We’re cycling Vietnam. It was the shocker answer we’d say to locals and other backpackers on why we were in the country. It always took a few tries to explain that it was ‘BICYCLE’ and not ‘MOTORBIKE’. Even a few people couldn’t understand why on earth we would attempt such a silly thing! So we’ll share the whole story and hopefully you’ll be inspired to experience this AMAZING country in an extraordinary way.
Now, I love cycling. Back home I would cycle to and from work all the time. I disliked public transport and haven’t had a car for the last 2 years so it became a part of my lifestyle. Long distance cycling however, was not. I had attempted a few 20-30km cycles while in London and I didn’t really think it was my thing.

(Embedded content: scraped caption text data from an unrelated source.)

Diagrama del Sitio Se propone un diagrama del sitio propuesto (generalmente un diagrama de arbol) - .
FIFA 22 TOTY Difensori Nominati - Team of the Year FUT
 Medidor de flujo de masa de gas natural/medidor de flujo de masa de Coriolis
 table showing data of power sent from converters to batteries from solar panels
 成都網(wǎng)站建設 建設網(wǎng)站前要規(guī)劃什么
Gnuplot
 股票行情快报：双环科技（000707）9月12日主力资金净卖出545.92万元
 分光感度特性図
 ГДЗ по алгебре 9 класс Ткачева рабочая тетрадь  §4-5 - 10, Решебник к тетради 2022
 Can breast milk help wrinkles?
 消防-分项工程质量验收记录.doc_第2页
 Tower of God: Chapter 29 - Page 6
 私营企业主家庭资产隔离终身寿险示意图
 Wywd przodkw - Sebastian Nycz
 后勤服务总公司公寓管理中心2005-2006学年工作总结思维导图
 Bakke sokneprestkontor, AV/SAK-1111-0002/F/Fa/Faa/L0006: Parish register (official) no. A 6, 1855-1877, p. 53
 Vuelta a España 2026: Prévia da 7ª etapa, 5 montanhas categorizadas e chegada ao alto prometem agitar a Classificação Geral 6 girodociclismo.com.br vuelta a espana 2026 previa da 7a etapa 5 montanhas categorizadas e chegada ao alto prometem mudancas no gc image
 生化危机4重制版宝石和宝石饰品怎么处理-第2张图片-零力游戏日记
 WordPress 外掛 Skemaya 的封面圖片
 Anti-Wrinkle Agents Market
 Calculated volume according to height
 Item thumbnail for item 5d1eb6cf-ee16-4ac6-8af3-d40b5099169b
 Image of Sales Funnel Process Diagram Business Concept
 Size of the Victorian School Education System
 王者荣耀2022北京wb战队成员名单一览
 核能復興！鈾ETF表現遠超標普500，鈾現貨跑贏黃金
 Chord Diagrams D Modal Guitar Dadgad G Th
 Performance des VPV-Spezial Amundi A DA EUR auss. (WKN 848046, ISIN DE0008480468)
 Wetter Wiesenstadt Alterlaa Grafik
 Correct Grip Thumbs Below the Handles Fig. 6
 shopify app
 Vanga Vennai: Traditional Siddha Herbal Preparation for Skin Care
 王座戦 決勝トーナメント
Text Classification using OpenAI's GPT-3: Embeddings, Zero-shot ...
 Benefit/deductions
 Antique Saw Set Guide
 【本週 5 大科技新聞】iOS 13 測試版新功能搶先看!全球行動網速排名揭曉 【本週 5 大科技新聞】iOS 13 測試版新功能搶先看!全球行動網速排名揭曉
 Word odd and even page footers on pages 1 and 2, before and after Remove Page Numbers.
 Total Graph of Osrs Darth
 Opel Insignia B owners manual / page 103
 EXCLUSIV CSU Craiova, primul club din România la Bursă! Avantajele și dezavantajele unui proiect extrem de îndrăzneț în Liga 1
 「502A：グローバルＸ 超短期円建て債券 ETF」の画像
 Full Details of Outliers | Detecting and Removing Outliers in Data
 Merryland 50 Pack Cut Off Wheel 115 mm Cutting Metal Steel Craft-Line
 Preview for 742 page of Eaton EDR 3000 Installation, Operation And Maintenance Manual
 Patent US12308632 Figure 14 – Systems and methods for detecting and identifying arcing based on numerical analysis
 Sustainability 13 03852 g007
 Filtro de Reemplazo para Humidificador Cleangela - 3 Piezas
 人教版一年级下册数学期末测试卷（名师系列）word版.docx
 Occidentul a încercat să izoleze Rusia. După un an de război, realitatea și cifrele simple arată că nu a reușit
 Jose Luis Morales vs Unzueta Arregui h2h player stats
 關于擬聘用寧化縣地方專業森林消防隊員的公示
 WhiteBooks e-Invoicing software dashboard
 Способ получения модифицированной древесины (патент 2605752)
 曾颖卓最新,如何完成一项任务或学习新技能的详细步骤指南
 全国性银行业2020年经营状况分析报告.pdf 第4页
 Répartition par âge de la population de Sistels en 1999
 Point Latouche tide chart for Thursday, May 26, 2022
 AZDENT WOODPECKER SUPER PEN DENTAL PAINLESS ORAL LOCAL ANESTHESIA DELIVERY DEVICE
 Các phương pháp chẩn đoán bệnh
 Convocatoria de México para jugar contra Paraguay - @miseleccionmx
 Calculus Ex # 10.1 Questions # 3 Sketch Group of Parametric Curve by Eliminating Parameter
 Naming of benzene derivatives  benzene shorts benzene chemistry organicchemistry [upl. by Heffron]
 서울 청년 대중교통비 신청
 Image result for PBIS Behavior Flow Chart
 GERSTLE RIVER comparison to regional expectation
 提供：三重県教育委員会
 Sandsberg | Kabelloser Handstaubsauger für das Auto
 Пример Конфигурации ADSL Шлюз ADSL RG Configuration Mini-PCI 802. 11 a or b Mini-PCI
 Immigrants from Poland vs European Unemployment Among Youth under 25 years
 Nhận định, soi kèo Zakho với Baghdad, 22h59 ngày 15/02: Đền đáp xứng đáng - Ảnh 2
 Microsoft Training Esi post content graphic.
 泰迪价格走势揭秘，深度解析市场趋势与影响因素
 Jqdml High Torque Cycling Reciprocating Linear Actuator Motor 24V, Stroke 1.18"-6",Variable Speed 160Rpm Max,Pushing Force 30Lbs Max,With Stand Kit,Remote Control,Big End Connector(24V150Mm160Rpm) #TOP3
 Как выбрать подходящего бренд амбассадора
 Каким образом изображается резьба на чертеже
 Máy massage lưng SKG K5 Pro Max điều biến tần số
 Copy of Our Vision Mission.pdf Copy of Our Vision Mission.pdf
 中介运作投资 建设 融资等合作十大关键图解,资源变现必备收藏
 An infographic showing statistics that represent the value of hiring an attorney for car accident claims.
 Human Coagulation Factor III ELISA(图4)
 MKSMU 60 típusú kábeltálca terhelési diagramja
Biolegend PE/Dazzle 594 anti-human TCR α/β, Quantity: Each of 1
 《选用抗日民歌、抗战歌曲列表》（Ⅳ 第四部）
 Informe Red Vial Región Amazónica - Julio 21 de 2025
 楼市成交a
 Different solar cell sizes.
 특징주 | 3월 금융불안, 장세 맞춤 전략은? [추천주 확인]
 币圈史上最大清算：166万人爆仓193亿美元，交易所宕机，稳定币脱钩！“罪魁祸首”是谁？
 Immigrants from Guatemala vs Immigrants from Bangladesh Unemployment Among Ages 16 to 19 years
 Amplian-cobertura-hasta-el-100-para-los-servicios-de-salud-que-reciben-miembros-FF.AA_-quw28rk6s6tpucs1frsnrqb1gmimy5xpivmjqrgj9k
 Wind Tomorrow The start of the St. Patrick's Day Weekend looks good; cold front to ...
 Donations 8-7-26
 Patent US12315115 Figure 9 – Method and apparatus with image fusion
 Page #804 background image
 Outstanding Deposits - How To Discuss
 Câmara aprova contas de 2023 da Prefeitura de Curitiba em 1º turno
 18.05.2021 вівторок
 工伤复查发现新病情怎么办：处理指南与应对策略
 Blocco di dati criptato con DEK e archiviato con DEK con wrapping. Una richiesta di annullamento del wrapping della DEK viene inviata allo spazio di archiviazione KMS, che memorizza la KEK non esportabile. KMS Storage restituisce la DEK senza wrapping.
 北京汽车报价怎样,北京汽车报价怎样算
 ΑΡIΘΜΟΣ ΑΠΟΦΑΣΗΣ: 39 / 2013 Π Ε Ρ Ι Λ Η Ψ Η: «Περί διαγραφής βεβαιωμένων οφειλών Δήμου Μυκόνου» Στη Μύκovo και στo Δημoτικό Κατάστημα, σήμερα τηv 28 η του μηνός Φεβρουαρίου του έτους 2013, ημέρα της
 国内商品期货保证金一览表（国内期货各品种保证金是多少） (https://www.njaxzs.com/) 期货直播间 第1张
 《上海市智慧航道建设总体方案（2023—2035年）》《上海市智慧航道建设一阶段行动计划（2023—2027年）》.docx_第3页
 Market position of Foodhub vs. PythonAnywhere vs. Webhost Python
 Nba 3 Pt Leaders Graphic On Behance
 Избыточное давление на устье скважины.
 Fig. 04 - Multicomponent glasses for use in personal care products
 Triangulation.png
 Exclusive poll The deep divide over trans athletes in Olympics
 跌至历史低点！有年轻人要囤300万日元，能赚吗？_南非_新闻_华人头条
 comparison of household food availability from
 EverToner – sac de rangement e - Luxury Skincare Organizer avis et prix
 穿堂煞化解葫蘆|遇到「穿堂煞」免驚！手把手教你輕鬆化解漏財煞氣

So why on earth I thought cycling up a whole country would be better is beyond me!
This is a detailed post on the WHAT and WHY’s of our cycle, and more importantly the HOW you can attempt this amazing trip on your own. But if that seems a bit daunting there are a few cycle tour companies out there who take the extra work out of organizing everything. Do your research and see what fits best for you!
We personally, wouldn’t have done it any other way.
There are two answers to this question:
- We like to travel on our own terms and in our own time. Originally we had the plan of doing it like many other backpackers: motorbike. However, looking into this a little further
No Motorbike license = No insurance. As we are both a little accident prone and neither of us had much experience with motorbikes, we looked into alternatives that we could be fully insured for.
- We hadn’t done anything this ridiculous before.
How long do you need?
Once we started cycling we did the whole trip: 2630km in 7 weeks. This was with a few stops along the way to enjoy the area’s we had cycled to and to rest up if needed. We also added an 6 days of cycling down from Saigon to the Mekong Delta which we would highly recommend (but you can give it a miss if you have a tighter schedule).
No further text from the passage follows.